Archive for the category “Baptism”

The Door No One Can Walk Through

arch-2764_1920If the Lord were not a gracious God, the Bible would have been a mere six chapters long. For in Genesis 6, God stands ready to take the world he had so perfectly created, and which had so imperfectly imploded in sin, and pour it down the drain. “The end of all flesh has come before me,” he said, “for the earth is filled with violence because of them; and look, I am about to destroy humanity with the earth,” (6:13).

Yet Noah found grace in the eyes of the Lord.

Because of grace, the Lord made this man the first ship-builder, the first sailor, and a sort of Adam #2 to begin creation anew. Buried in a watery grave was a world of sinners who chose death over life. Down they sank beneath the waves of woe that engulfed the world they had flooded with corruption. And above those same waves floated the ark of salvation that Noah had constructed for him and his family of seven. Nothing stood between them and certain death but the wood of the ark buoyed up by the promise of a good and gracious God.

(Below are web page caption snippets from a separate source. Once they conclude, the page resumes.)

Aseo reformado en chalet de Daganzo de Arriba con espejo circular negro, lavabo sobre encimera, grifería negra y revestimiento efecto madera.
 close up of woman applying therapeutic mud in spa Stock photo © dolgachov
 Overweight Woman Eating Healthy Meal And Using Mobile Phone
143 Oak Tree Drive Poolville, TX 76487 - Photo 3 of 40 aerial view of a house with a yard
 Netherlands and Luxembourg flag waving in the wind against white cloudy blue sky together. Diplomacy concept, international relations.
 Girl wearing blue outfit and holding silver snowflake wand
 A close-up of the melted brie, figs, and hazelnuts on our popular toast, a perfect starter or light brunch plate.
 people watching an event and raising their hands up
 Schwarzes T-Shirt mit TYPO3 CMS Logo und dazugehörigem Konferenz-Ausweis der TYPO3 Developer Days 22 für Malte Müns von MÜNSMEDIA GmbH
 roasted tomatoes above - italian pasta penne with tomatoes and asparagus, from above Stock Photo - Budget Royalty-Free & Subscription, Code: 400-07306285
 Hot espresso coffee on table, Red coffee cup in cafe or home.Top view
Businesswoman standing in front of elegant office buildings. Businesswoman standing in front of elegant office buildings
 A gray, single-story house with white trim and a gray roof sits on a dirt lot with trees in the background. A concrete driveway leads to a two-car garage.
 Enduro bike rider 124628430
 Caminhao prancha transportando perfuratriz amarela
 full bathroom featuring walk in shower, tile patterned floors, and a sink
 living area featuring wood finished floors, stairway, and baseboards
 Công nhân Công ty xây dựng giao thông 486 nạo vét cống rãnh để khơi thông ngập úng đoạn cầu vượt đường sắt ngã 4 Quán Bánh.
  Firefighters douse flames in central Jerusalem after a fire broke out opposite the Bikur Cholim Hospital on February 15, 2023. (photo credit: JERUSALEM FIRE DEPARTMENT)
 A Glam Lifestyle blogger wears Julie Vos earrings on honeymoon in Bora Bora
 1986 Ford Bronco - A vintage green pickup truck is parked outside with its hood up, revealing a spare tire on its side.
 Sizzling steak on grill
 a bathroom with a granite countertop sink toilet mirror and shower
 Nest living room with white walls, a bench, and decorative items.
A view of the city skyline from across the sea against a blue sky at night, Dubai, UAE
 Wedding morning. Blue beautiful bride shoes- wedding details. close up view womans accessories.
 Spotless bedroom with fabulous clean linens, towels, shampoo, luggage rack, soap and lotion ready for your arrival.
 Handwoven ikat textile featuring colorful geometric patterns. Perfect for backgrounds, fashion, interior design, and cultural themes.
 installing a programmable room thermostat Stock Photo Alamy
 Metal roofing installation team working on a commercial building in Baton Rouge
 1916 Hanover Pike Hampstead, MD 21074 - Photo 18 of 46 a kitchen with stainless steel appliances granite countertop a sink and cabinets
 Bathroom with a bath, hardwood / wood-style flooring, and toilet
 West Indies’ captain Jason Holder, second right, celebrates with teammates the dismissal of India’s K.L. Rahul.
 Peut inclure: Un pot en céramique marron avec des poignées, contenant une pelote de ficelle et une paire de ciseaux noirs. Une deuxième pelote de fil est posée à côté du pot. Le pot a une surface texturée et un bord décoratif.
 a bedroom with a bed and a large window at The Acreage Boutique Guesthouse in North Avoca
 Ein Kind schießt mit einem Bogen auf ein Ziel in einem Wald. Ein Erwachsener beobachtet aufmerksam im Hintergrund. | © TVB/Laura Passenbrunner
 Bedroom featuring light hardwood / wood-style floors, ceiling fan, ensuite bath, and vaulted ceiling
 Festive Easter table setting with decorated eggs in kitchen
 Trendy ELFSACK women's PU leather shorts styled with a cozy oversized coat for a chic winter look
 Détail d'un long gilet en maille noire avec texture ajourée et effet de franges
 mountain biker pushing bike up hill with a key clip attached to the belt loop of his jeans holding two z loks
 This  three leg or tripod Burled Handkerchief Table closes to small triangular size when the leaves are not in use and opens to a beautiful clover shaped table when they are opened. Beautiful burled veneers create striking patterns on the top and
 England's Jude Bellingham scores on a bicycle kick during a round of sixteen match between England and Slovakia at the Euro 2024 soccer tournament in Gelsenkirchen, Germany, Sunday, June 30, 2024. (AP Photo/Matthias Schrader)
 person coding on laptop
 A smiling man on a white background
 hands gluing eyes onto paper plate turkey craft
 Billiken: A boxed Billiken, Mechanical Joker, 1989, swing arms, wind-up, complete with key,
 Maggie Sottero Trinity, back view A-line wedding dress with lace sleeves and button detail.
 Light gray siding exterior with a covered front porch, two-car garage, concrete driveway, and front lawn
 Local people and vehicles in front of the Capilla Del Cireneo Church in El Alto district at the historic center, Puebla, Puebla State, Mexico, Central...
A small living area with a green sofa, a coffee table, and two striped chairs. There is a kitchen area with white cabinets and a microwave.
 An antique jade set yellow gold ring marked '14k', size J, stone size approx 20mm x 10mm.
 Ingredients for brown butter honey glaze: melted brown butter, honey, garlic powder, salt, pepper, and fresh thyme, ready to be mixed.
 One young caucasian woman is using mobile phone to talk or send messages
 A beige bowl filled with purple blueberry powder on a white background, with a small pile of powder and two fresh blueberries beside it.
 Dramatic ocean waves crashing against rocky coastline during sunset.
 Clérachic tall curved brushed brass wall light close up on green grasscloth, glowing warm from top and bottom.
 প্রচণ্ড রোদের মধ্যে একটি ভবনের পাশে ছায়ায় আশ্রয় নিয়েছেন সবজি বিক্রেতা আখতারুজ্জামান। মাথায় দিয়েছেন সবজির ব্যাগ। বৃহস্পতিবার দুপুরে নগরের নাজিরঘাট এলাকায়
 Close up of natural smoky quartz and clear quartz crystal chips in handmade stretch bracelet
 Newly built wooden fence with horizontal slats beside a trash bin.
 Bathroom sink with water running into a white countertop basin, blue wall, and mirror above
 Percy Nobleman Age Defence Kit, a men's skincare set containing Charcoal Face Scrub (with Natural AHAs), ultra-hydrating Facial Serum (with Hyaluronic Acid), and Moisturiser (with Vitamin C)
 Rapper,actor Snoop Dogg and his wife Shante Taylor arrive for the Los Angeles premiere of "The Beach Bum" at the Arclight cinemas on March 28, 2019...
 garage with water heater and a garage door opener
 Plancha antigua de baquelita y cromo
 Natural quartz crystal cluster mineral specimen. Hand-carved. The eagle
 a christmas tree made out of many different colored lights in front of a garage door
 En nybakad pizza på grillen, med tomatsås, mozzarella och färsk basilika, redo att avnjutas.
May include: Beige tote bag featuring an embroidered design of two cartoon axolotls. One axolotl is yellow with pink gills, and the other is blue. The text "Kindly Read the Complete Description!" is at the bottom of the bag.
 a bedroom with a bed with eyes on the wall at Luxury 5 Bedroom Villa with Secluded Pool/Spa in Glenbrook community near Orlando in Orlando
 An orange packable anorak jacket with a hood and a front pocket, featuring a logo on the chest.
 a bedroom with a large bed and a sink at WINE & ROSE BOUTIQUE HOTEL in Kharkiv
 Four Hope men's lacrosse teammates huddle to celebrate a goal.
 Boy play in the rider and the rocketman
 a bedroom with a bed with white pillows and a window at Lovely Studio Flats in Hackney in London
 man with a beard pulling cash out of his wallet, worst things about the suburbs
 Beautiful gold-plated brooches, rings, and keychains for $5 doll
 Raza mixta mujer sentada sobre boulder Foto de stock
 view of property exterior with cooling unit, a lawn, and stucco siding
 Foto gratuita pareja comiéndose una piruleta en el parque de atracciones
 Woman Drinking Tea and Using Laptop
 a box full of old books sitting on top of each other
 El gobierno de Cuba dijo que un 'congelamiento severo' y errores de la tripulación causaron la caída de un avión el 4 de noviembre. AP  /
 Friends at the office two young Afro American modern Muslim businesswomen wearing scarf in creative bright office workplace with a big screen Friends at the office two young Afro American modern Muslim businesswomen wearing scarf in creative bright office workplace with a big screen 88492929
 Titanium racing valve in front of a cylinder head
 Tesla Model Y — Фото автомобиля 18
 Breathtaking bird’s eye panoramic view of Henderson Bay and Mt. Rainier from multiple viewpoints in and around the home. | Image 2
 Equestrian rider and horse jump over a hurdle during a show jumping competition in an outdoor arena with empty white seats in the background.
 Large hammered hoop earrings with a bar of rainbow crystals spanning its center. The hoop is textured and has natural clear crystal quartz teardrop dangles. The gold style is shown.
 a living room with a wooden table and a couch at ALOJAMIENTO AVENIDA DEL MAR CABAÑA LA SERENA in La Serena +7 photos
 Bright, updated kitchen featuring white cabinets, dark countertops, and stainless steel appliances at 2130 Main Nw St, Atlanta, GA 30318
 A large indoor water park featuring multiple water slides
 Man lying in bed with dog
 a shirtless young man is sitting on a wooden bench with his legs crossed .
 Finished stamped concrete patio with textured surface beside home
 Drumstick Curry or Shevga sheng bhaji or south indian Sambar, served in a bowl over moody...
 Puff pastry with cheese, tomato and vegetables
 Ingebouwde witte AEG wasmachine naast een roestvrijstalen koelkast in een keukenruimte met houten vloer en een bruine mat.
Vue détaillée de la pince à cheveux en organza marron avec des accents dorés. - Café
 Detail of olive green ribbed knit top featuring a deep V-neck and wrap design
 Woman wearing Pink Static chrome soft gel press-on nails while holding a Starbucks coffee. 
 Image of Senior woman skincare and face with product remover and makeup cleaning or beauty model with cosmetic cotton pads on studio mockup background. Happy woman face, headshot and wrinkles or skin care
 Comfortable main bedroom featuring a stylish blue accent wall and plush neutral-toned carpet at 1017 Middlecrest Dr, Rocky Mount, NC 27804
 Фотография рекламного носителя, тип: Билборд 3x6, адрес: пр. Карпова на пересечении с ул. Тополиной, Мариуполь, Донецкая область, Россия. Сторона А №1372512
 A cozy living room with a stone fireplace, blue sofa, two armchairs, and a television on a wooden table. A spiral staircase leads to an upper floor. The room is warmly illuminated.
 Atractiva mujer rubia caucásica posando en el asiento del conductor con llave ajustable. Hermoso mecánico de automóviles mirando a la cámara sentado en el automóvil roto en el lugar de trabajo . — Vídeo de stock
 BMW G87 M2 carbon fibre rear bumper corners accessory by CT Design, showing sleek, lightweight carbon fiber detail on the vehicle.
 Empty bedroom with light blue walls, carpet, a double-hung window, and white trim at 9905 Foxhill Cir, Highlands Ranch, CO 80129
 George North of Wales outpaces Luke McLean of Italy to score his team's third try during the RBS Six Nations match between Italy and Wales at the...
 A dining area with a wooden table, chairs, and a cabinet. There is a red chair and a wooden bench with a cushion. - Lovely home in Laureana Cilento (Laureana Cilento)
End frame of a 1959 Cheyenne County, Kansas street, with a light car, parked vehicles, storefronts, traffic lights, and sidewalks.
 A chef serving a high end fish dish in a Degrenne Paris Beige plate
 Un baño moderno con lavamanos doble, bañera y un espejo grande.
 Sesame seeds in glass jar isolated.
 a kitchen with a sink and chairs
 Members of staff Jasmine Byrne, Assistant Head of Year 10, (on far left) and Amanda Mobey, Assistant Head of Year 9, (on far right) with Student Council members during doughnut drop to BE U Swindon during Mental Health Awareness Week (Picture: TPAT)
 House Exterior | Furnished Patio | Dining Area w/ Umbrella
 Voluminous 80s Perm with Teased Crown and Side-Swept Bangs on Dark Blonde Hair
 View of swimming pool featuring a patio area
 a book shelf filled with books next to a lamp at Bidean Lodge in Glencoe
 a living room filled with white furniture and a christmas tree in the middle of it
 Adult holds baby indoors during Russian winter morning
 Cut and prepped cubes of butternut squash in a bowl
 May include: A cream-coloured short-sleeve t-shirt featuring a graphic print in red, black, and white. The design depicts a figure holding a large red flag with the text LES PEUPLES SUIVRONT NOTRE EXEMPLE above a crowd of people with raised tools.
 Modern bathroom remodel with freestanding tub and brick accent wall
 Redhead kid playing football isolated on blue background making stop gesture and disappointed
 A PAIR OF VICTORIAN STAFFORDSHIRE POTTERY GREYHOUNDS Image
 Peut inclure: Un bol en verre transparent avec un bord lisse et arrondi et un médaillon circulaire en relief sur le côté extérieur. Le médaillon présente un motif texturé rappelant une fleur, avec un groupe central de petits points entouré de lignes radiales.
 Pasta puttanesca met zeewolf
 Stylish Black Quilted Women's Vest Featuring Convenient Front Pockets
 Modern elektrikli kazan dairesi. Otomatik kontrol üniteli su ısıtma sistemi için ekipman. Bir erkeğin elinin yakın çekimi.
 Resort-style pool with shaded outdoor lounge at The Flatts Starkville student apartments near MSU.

Noah and his family entered the ark through a door in the side. And in so doing, they gave us a preview of the way in which we enter a greater ark, to be saved in a greater flood. We find grace not only in the eyes, but in the wounds, of the Lord. The portal in our ark of salvation was not made with a saw and hammer but a soldier’s spear. It pierced the side of our Lord as he hung upon the cross. Out flooded blood and water. Through that door in the side of Christ we enter the ark of saving grace.
But we don’t walk through this door.
No one can.
We are carried by waves through this door.
The water and blood that streamed forth from Christ, streams us back into him as we are buoyed up by the waves of baptism, through the wound, and into the body of God incarnate.

“Baptism now saves you,” Peters says (2 Pet 3:21), because baptism is the flood reenacted, but with a wondrous twist. We are sundered from the number of the unbelieving, pass through the pierced-portal in the side of Jesus, and are preserved dry and secure in Christ, the ark of life. “He ferries us across death’s raging flood.” He preserves us dry and secure in the holy ark of Christendom.

As Noah found grace in the eyes of the Lord, we find that same grace in the wounds of our Lord. Of him the water, the blood, and the Spirit cry, “He is our ark; he is our life; he is one who is drowned in our sins that we might float safely to the heavenly harbor of the Father.”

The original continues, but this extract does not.